> DIRECTIONS FOR THIS TASK:
Below are records; extract exactly the lines from the one containing "Two boats on" through the last, both included, and keep the pictures out.

+++ PROVIDED INFORMATION +++

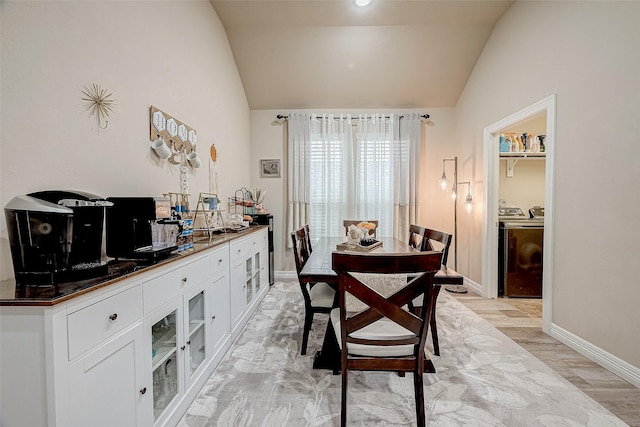 dining space with light hardwood / wood-style flooring, vaulted ceiling, and washer and clothes dryer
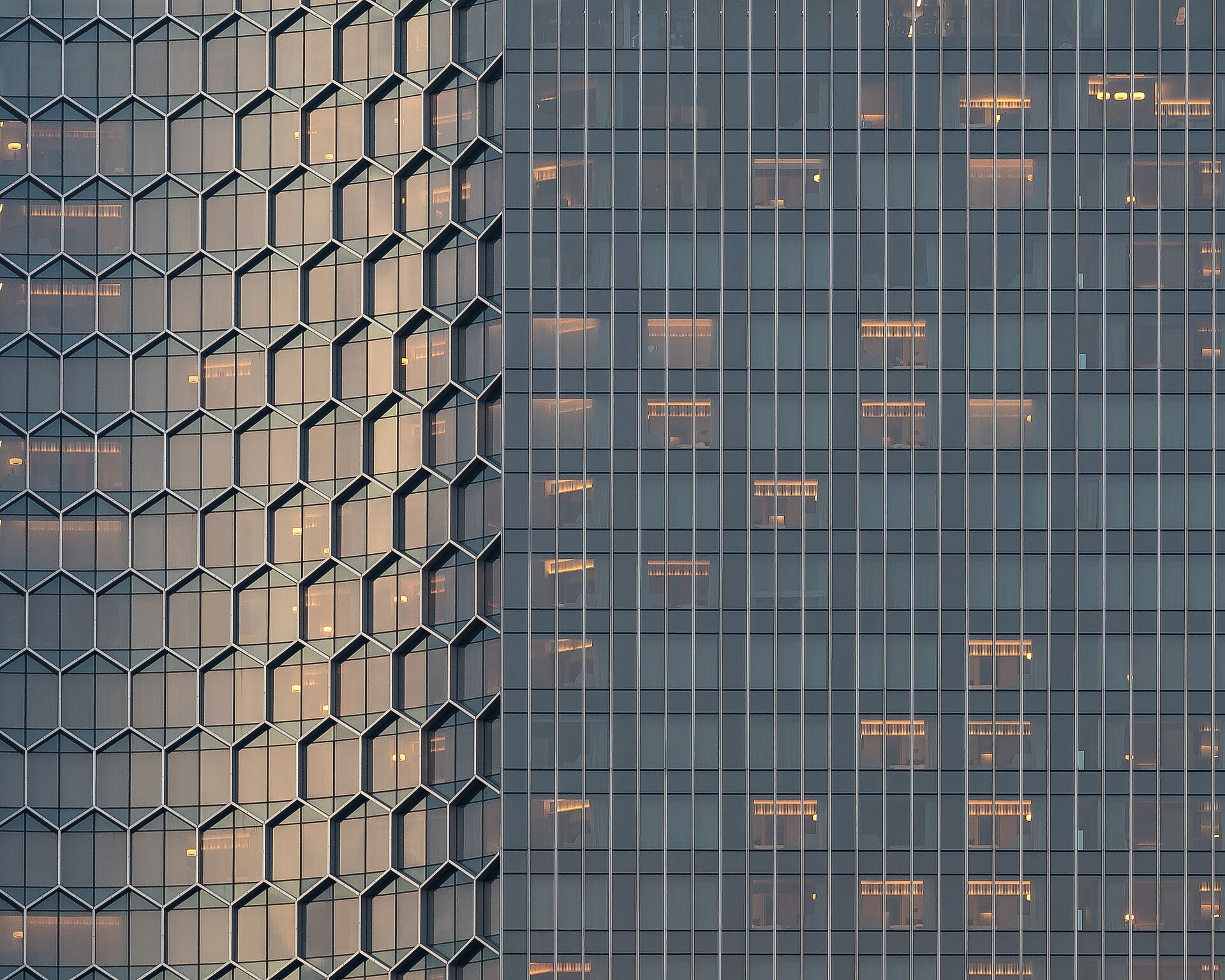 Warm light on a rhythmic facade at dusk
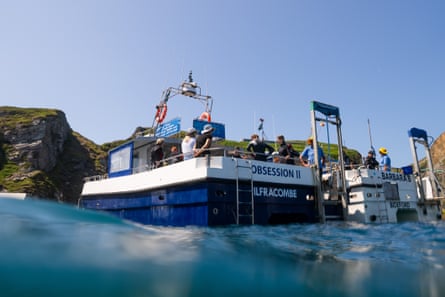 Two boats on the sea, with passengers and crew visible, at Lundy, Devon – the Obsession II and the Barbara B. The camera is shooting upwards from water level.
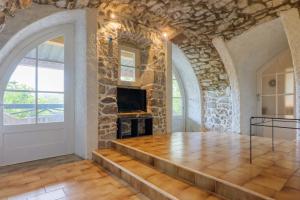 a living room with a stone wall and a fireplace at Le Mas Boyer in Chauzon
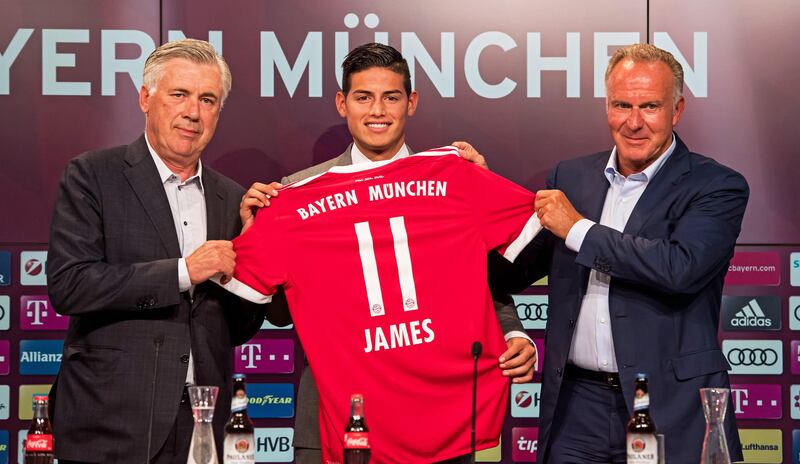 epa06083103 Bayern Munich's new player James Rodriguez (C) hold his new jersey with head coach Carlo Ancelotti (L) and CEO Heinz Rummenigge (R) as James is presented during a press conference in Munich, Germany, 12 July 2017. German Bundesliga soccer club Bayern Munich announced on 11 July 2017 James Rodriguez comes from Spain's Real Madrid on a two-year loan.  EPA/LUKAS BARTH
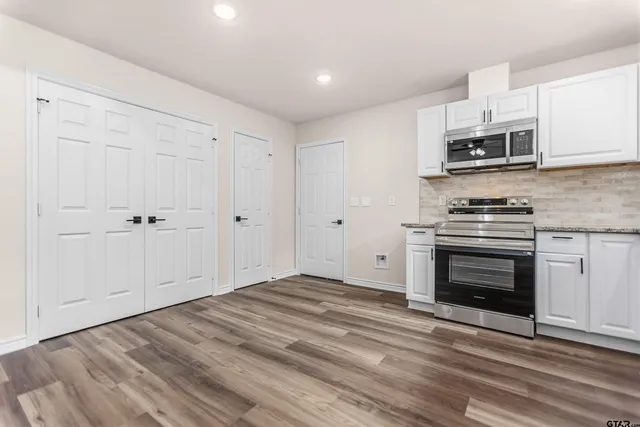 a kitchen with stainless steel appliances granite countertop a stove and a microwave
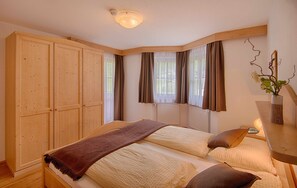 A bedroom with a large wardrobe, a bed with two pillows, a bedside table with a lamp, and a window with curtains.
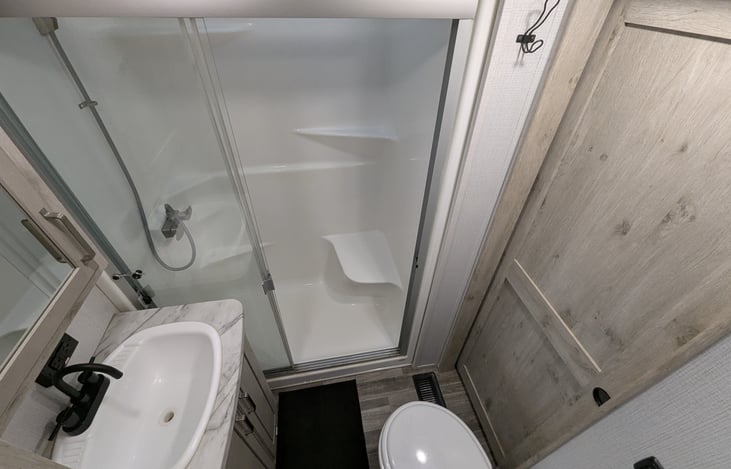 Experience a spa-like retreat with a walk-in shower, porcelain toilet, and spacious vanity. Large medicine cabinets provide ample storage, making this private master ensuite a true luxury upgrade.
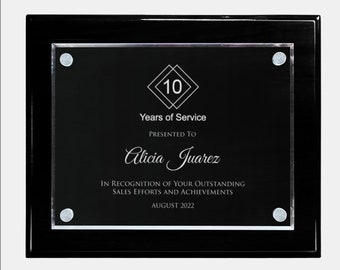 May include: A black plaque with a silver frame and a clear acrylic insert. The plaque has a silver diamond with the number 10 inside. The text reads "10 Years of Service", "Presented To", "Alicia Juarez", "In recognition of your outstanding sales efforts and achievements", and "August 2022".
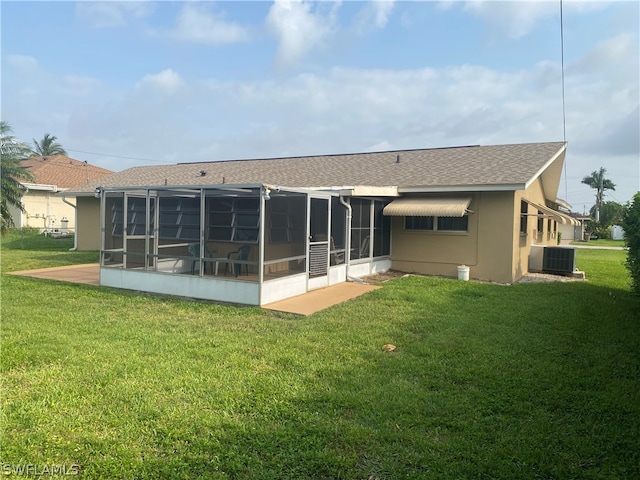 back of property with a sunroom, a yard, and central air condition unit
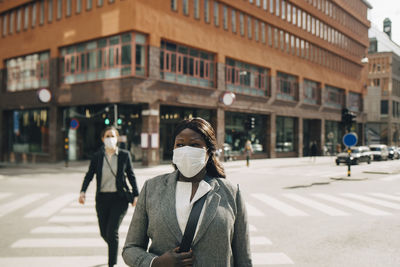 Female entrepreneurs crossing street on sunny day in city during covid-19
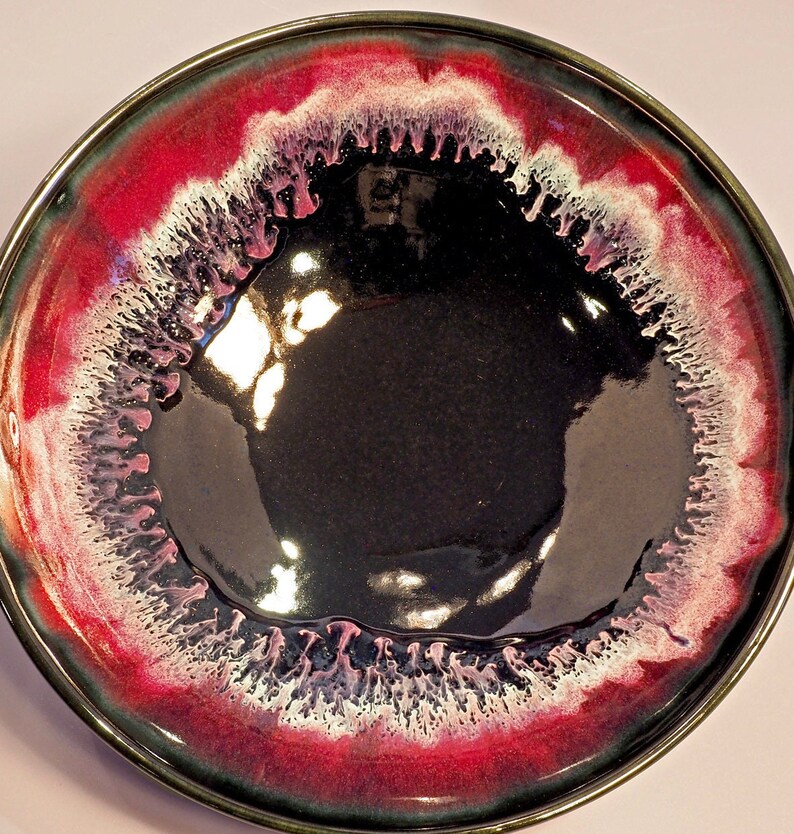 May include: A black ceramic bowl with a deep red and white rim. The rim has a unique, textured design that resembles dripping paint.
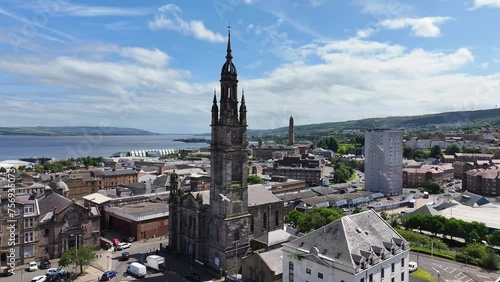 Greenock, Scotland UK. Aerial View of Birds Flying Above Former St George's North Church and Cityscape on Sunny Day photo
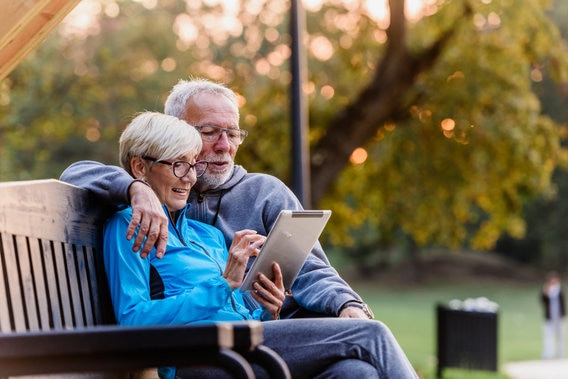couple on bench looking at ipad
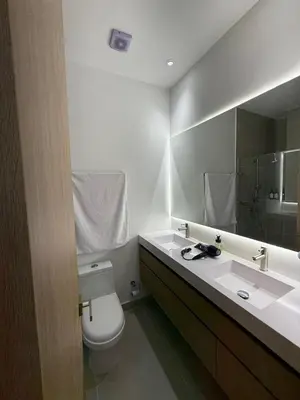 a bathroom with a toilet and a sink and a mirror at Luxy 2BR at paradise Oasis, 18 min from walled city in Cartagena de Indias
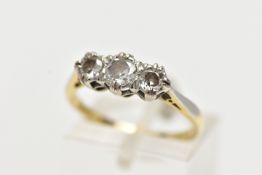 A YELLOW METAL THREE STONE DIAMOND RING, set with three illusion set old cut diamonds, estimated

+++

> ANSWER TO THIS EXERCISE:
 Two boats on the sea, with passengers and crew visible, at Lundy, Devon – the Obsession II and the Barbara B. The camera is shooting upwards from water level.
 a living room with a stone wall and a fireplace at Le Mas Boyer in Chauzon
 epa06083103 Bayern Munich's new player James Rodriguez (C) hold his new jersey with head coach Carlo Ancelotti (L) and CEO Heinz Rummenigge (R) as James is presented during a press conference in Munich, Germany, 12 July 2017. German Bundesliga soccer club Bayern Munich announced on 11 July 2017 James Rodriguez comes from Spain's Real Madrid on a two-year loan.  EPA/LUKAS BARTH
 a kitchen with stainless steel appliances granite countertop a stove and a microwave
 A bedroom with a large wardrobe, a bed with two pillows, a bedside table with a lamp, and a window with curtains.
 Experience a spa-like retreat with a walk-in shower, porcelain toilet, and spacious vanity. Large medicine cabinets provide ample storage, making this private master ensuite a true luxury upgrade.
 May include: A black plaque with a silver frame and a clear acrylic insert. The plaque has a silver diamond with the number 10 inside. The text reads "10 Years of Service", "Presented To", "Alicia Juarez", "In recognition of your outstanding sales efforts and achievements", and "August 2022".
 back of property with a sunroom, a yard, and central air condition unit
 Female entrepreneurs crossing street on sunny day in city during covid-19
 May include: A black ceramic bowl with a deep red and white rim. The rim has a unique, textured design that resembles dripping paint.
 Greenock, Scotland UK. Aerial View of Birds Flying Above Former St George's North Church and Cityscape on Sunny Day photo
couple on bench looking at ipad
 a bathroom with a toilet and a sink and a mirror at Luxy 2BR at paradise Oasis, 18 min from walled city in Cartagena de Indias
 A YELLOW METAL THREE STONE DIAMOND RING, set with three illusion set old cut diamonds, estimated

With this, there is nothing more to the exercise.